* WHAT TO WORK ON *
With the pictures left out, retype exactly the lines below starting at the line that contains "Chain Halter-neck Ruffle Wide-leg Jumpsuit" and ending at the line that contains "Tampilan gameplay seru dari Gaple di GOD77.".
==== DATA SUPPLIED ====
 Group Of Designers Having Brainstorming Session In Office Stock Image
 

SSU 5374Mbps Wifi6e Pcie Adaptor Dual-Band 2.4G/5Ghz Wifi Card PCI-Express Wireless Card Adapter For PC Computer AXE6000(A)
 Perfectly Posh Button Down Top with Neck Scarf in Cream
====
==== DATA SUPPLIED ====
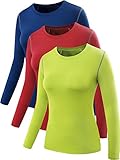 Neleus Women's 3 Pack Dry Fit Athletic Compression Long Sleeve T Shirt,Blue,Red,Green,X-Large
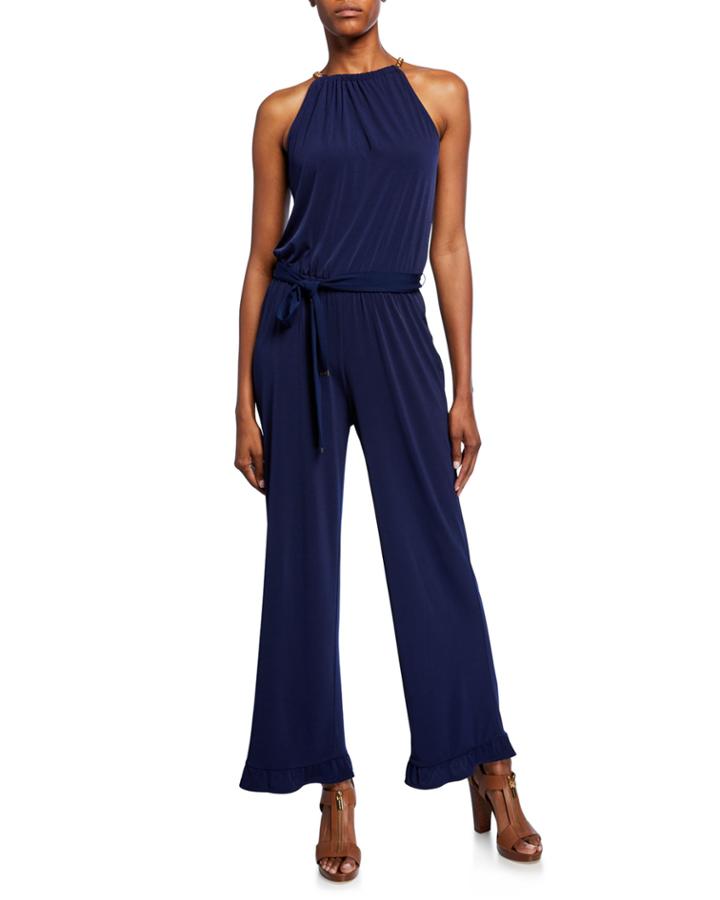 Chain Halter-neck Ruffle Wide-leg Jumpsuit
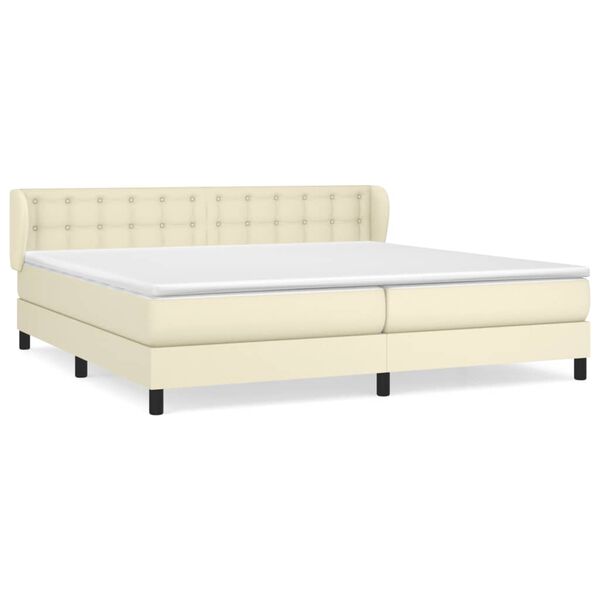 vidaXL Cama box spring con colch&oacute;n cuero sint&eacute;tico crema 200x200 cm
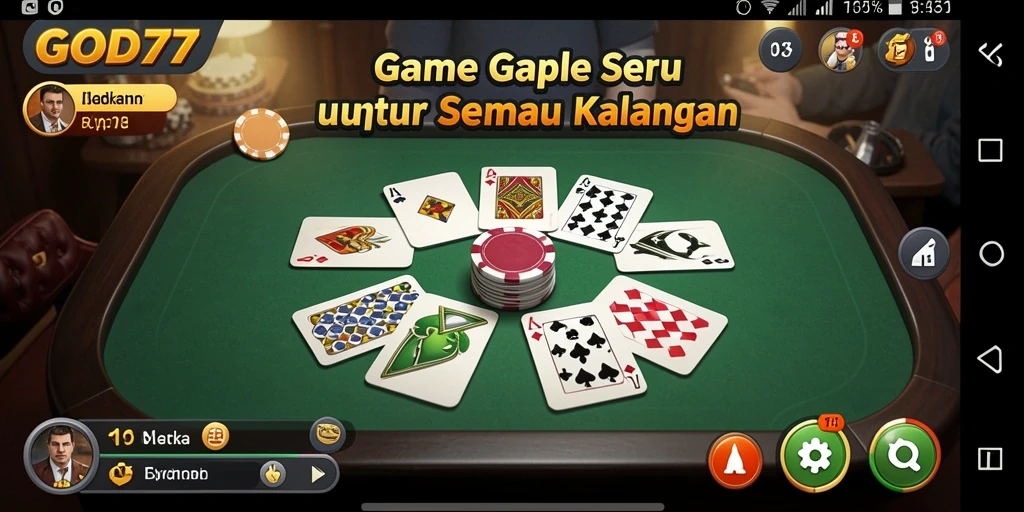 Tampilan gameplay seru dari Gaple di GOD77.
====
* PROBLEM SOLUTION *
 Chain Halter-neck Ruffle Wide-leg Jumpsuit
 vidaXL Cama box spring con colch&oacute;n cuero sint&eacute;tico crema 200x200 cm
 Tampilan gameplay seru dari Gaple di GOD77.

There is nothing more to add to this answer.